Organized labor backed President Obama when he was campaigning for election with the promise of a public health insurance option. Union workers flocked to town hall meetings, and unions invested significant resources to support the president’s healthcare reform agenda. (See photos of last night’s vigil for healthcare reform in Central Park, co-sponsored by SEIU.)
Now, the likely next president of the AFL-CIO, Richard Trumka, is increasing the pressure on the president to keep his campaign promises on healthcare.
Trumka laid out the AFL-CIO’s three “absolute musts” for healthcare reform in an interview on NBC’s “Andrea Mitchell Reports” Tuesday (video below): i) a public health insurance option, ii) an employer mandate, and iii) no taxes on health benefits.
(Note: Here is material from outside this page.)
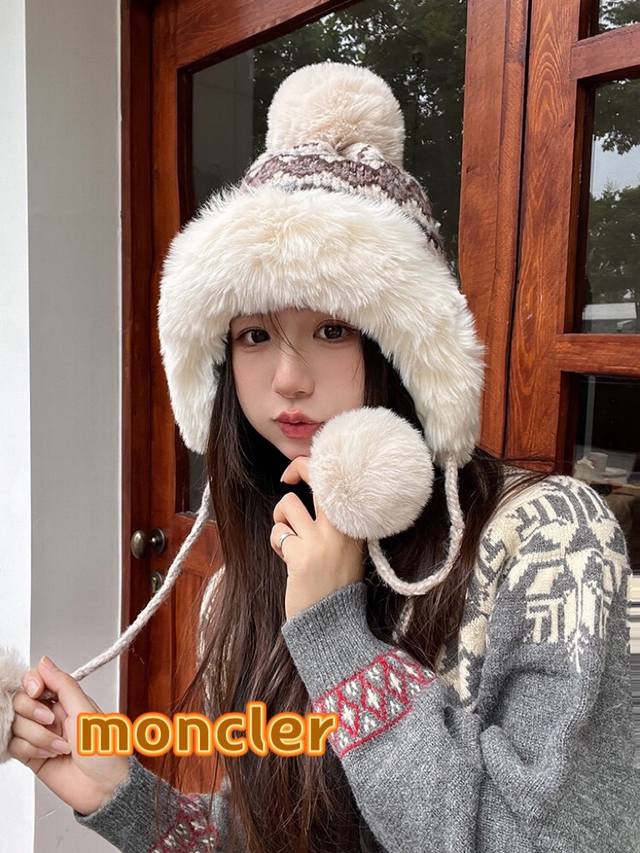 Moncler帽子女冬2024新款韩版条纹毛绒雷锋帽骑行防寒保暖护耳百搭包头帽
The AFL-CIO is prepared to fight for all three, Trumka said. Mitchell scoffed at the idea that Senate Democrats would go along with all three. “I think we’re going to help them,” Trumka said.
The fate of healthcare reform is hanging in the balance. Yesterday, we learned that the president would lay out his healthcare agenda to Congress on September 9. His advisers admitted to Politico that the White House hadn’t exactly decided what the president was going to say. That’s a window of opportunity to help Obama renew his commitment to the public option.
If a health bill is to become law, it has to pass both houses of Congress. So far, the conservative Blue Dog Democrats of the Senate Finance Committee have no intention of writing a public option into their bill.
But Speaker Nancy Pelosi has said that she can’t pass a bill without a public option and progressive House Democrats say they’ll scuttle a bill that doesn’t include one.
The American public and the American worker want to “break the stranglehold of insurance companies,” Trumka told Mitchell, “And you won’t do that by wishing and hoping.”